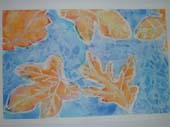 DSCN0155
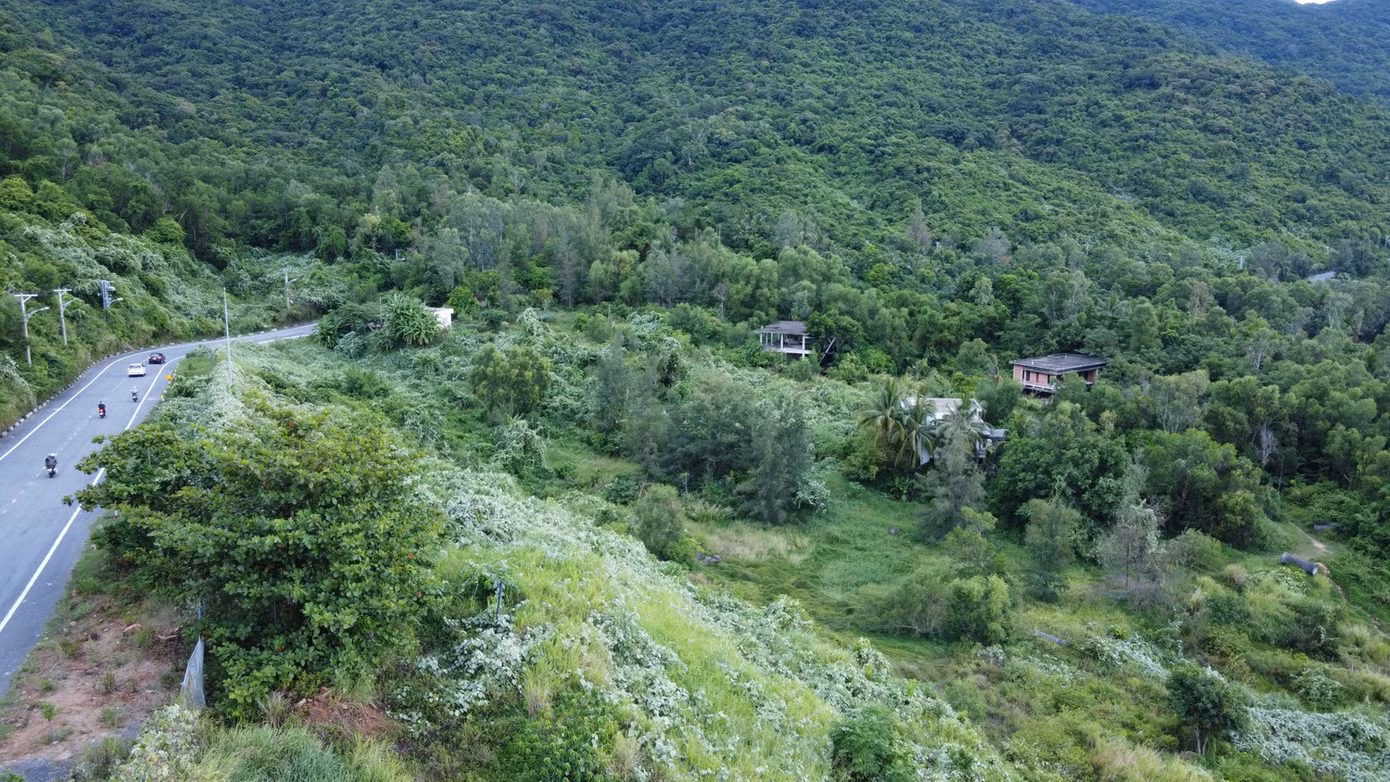 dji-0242-2039-6150.jpg
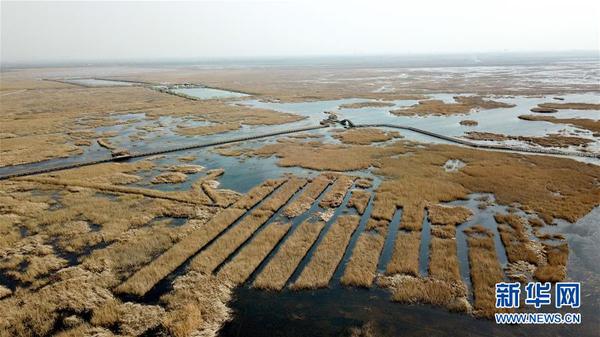 3月29日无人机拍摄的白洋淀景区。自2017年4月1日横空出世，白洋淀所在的河北雄安新区设立至今已届周年。雄安新区设立一周年之际，世界目光再次聚焦这个新时代中国改革开放的新地标。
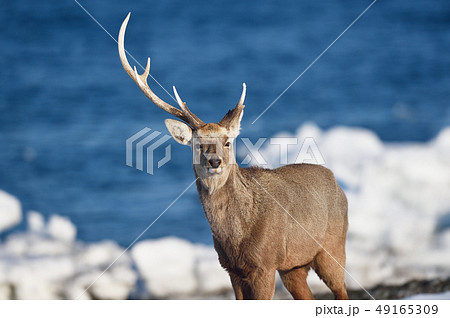流氷が残る海岸に現れたエゾシカ(北海道) 流氷が残る海岸に現れたエゾシカ(北海道) 49165309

> **TASK TO COMPLETE**: The lines wanted run from the one with "3月29日无人机拍摄的白洋淀" through the final line of the data; repeat them word for word and skip every picture.

> **EXERCISE RESPONSE**:
 3月29日无人机拍摄的白洋淀景区。自2017年4月1日横空出世，白洋淀所在的河北雄安新区设立至今已届周年。雄安新区设立一周年之际，世界目光再次聚焦这个新时代中国改革开放的新地标。
流氷が残る海岸に現れたエゾシカ(北海道) 流氷が残る海岸に現れたエゾシカ(北海道) 49165309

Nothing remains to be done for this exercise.